The intensity of the joy though--this is also off the charts. I could never have dreamed of so much happiness. Sometimes it's easy to get side tracked on the small things--how much the baby (doesn't) sleep, cleanliness of the home, mundane life tasks. Having the two of them staring up at me with their big blue eyes is a shocking reminder to quit wasting time stressing over these things and instead to just seek joy.

Wouldn't that be a great life goal, to be a seeker of joy?

It's not so difficult to seek joy, especially since with the two of them I now have twice as much joy. Well, more than twice as much. I have joy spurting out of my ears. It's hard, but it's joyful as long as I take the time to seek that joy and then wallow in it.


I feel somewhat like I was suddenly thrown to the wolves since Tyler went back to work during the day. Everything was going so perfectly before, with him working at night, and now suddenly it's hard and not always happy.

That's why I need to seek the joy, right?


I saw this quote today:

"All the art of living lies in a fine mingling of letting go and holding on."

-Havelock Ellis


How true it is.

It's not easy to let go of some things, as I transition to being a mother of two.

Rosie is no longer my baby. She will always be my baby, but she's not the baby now. I feel like I've neglected her quite a bit recently--emotionally and physically. Thinking of it makes me tear up. She used to be my sole focus, and now she's sort of pushed off to the side while I do my best to deal with everything else.

What makes it even harder, when I stop to think over it, is that she has accepted everything with such grace. She tells me multiple times a day how much she loves "having a baby" and then she asks what she can do to help me. When I have some kind of freaky hormonal mood swing she quietly asks if she made me angry, and when I say no she asks what she can do to help. She brings me clean diapers and wipes all the time. She snuggles me and tells me she loves me, even when I haven't taken extra time to snuggle her.

She keeps telling me, "That's ok, Mommy."

What have I done to deserve such a sweet child?

She's so grown up now, even though she's only 3. She isn't a baby anymore.

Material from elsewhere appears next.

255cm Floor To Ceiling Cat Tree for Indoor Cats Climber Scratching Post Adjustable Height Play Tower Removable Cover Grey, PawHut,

Letting go of that is sad, and hard.


At the same time I have to hold on tight. Hold on to my relationship with Rosie because she is still important even though she's much more independent now.

I have to hold on to my relationship with my husband also, which is more complicated now that my energies and emotions are divided up so thinly among two children.

I have to hold on to joy, because if I don't seek it and hang on then it will quickly disappear into the swirl of everyday life.

And there is so much joy to be found. I really don't want to miss a second of it.



"Happiness is not a brilliant climax to years of grim struggle and anxiety. It is a long succession of little decisions simply to be happy in the moment."